Saturday, March 6: Grace Without Limits
March 6th, 2010 :: 1am
Posted in Devotions, by Jane Dixon
My understanding of this story is that it intends to dramatically illustrate the degree to which the grace of God extends to everyone. No one is excluded. No one is beyond the helping hand of God. Mark 5:1-20
For me, this story is about the grace of God and nothing else. Everything else in the story is extraneous.
A brief summary: Jesus, a good and pious Jew, intentionally goes into a gentile area to heal an outcast. The poor guy helped by Jesus was not only an outcast from the Jews, as were all gentiles, but this guy was an outcast from the gentiles as well. He was an outcast of outcasts.
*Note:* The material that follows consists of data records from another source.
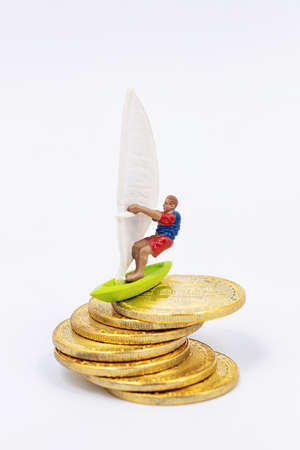 Toy wind surfer rides on bitcoin gold coins as on wavesの写真素材
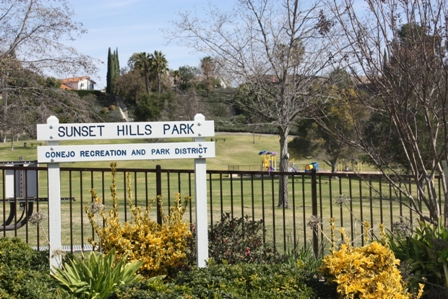 Sign for Sunset Hills Park, Conejo Recreation and Park District, with trees, grassy field, and play area in the background.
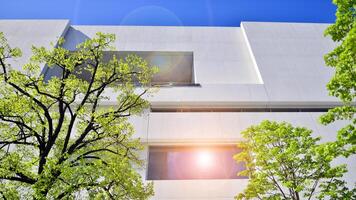 Modern white concrete building walls against blue sky. Eco architecture. Green trees and concrete office building. The harmony of nature and modernity. photo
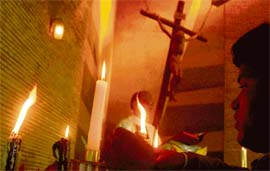 MERRY XMAS: A devotee lights a candle before Jesus at the Sector 19 church in Chandigarh on Tuesday
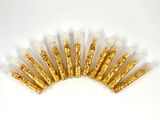 a close up of a bunch of gold glitter sticks on a white surface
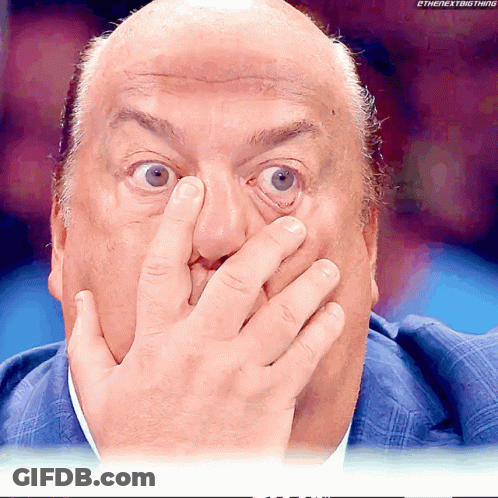 Bald Man Covering Face With Hand GIF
In this story, we see Jesus intentionally going into a religiously forbidden area for no apparent reason except to minister. In going into this gentile territory, Jesus became ritually unclean… something pious Jews scrupulously avoided because cleansing oneself ritually was a pain and took a long time. In getting near a gentile, Jesus became ritually unclean to a second degree. Then, if becoming ritually unclean in two different ways was not enough, Jesus messes with someone believed to be demon possessed. All three of Jesus’ individual “offenses” made him unclean. Together, the accumulative effect is he is so unclean it is beyond reason and imagination. To be cleansed for these “offenses” would take a lot of time and during his cleansing efforts, he would be excluded from being with pious Jews.
To help someone considered totally hopeless and dangerous, Jesus is willing to go against the religious beliefs of his peers; he is willing to be ostracized from “good people” and he is willing to pay the price of having to “jump through the hoops” to get back into his normal life.
Jesus goes the extra thousand miles to help this poor outcast who is isolated from everyone and living without hope. But, he is not an outcast to Jesus. In this story, we see that no one is beyond God’s love and help!
Much of my work in Honduras is about helping folks see the grace in this story rather than the demons.
God, help me to better realize and accept the enormity of your grace.
Rev. Glen Evans, former pastor of CUMC
now serving as a missionary in Honduras.